Rashidul Bari is on a journey. It is a journey with many twists and turns and the destination is not clear from the onset.

It is a journey of a person with a strong sense of his national identities and yet it is a journey of a citizen of the world. It has taken him from his native Bangladesh and away from his family to study in the United States. It has removed him from the safety and security of his native language of Bengali, in which he is extremely articulate, to a new language -- English -- where he must grapple with expressing his imagination through different words and cultural nuances. Lastly, he is moving from being an accomplished journalist and author, in only his 20s, to new careers and professional opportunities.

There is a guide for Bari in this journey. It is the man whom he calls The Saint --- Muhammad Yunus. Through Yunus' personal and professional life, Bari sees a path to follow. Yunus left Bangladesh to study in the United States, developed a universal message of possibilities that transcended local languages and, most importantly, developed creative solutions, which are constantly being re-imagined, to seemingly intractable problems

Bari is currently a student at York College, a baccalaureate-granting institution of the City University of New York where I am the Chief Operating Officer/Vice President for Administration. I have known and worked with Bari for the past two years.

I was approached initially by Bari, who was representing a group of individuals with a Bangladeshi background, to arrange for the use of the college's theatre to host a speaking engagement by Professor Yunus, the originator of the worldwide microfinance movement. In these first discussions, Bari and I discovered a commonality of interest in world affairs, the importance of global interchange and a passion for the work of Dr. Yunus and the organization that he formed, Grameen Bank.

I had lived and worked overseas in and with developing countries; and am on the Board of Trustees of Project Enterprise, a New York-based non-profit organisation modelled on the objectives and lending practices of Grameen Bank. At the first meeting with Bari, I discovered that he had written a biography of Dr. Yunus in Bengali and was a prolific author at a very young age on a range of subjects.

As a result of our encounter, Bari and I decided to work on a project to develop a scholarship fund for students from Grameen families in Bangladesh to attend York College. In addition, we also worked on a joint summer internship exchange programme where students from York College would work with Grameen Bank and Bangladeshi students would come to the US and be affiliated with a Grameen-oriented institution.

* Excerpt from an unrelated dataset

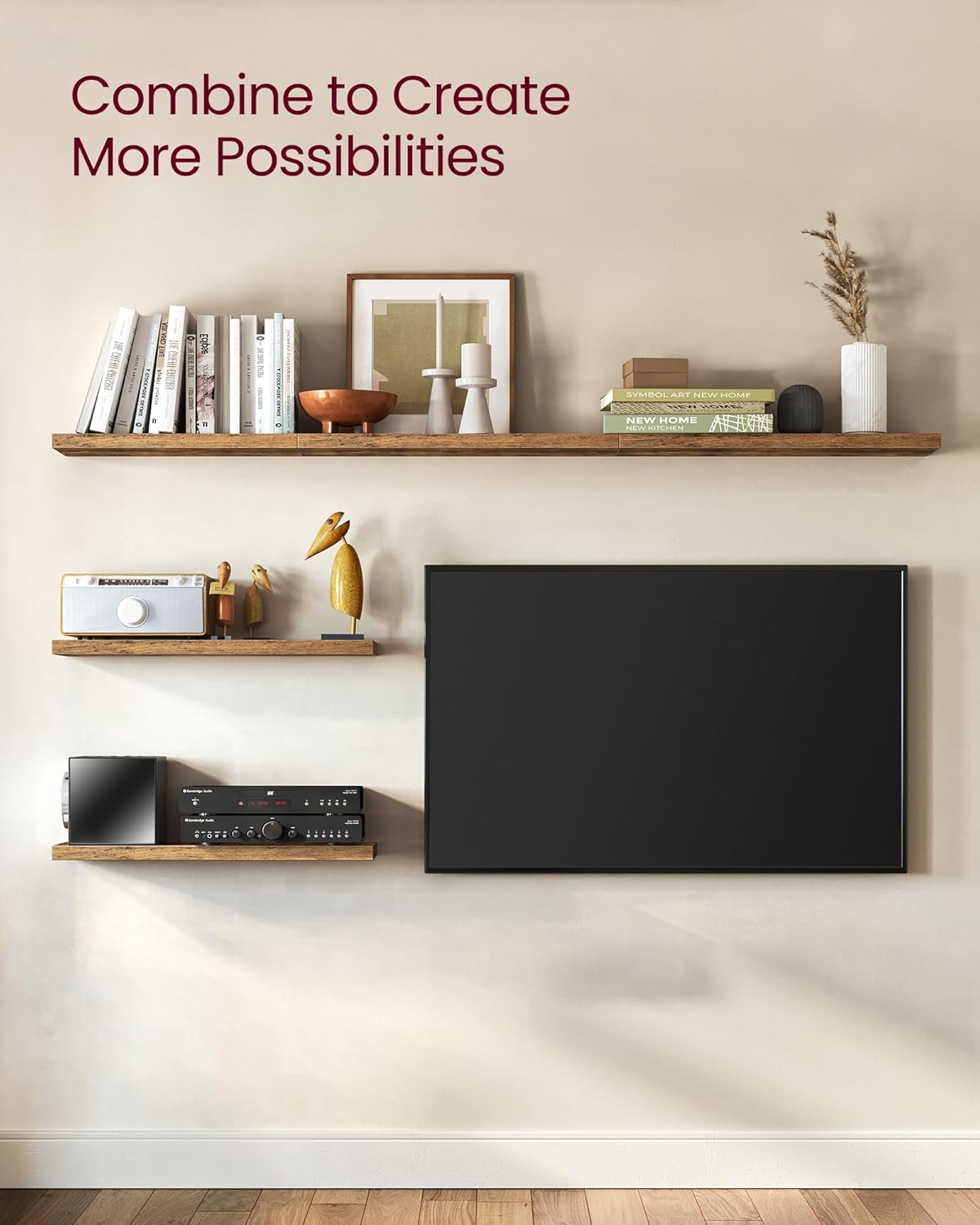 VASAGLE Wall Shelves Set of 3 Floating Shelves Rustic Brown ULWS057B01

The key to the resources, viability and the success of the programme was to obtain not only the endorsement of Dr. Yunus but also to have him make a major appearance at York College. This became all the more important, and somewhat more difficult, when Dr. Yunus was awarded the Noble Peace Prize in December 2006.

Bari has become a passionate advocate for this programme and a critical connector among all the parties in Bangladesh and the US who are, and should be, involved. He has introduced me to potential supporters and advocates of the program and arranged for a crucial meeting and follow-up with Dr. Yunus' closest advisor and assistant, Muhammad Jahangir. Bari assisted in brokering a scholarship and internship program that met the needs of Dr. Yunus and Grameen Bank, on the one hand, and York College, on the other.

The culmination of all these efforts was a meeting conscientiously pursued by Bari between Dr. Yunus and myself in September 2007. That encounter solidified both the concept and support of the programme.

During this entire time, Mr. Bari has demonstrated an exceptional facility in several areas. All of this is evident from this personal memoir of his encounters with Dr. Yunus and dedication to Yunus' principles. Bari strongly believes that the more one is aware and understands both Yunus the individual and Yunus the agent of change, the greater the possibilities exist for transformative change in two areas, namely, the elimination of worldwide poverty and the empowerment of women.

Bari is passionate about continuing his journey. This book is but one milepost on his travels.

Jerald Posman is Vice President, City University of New York.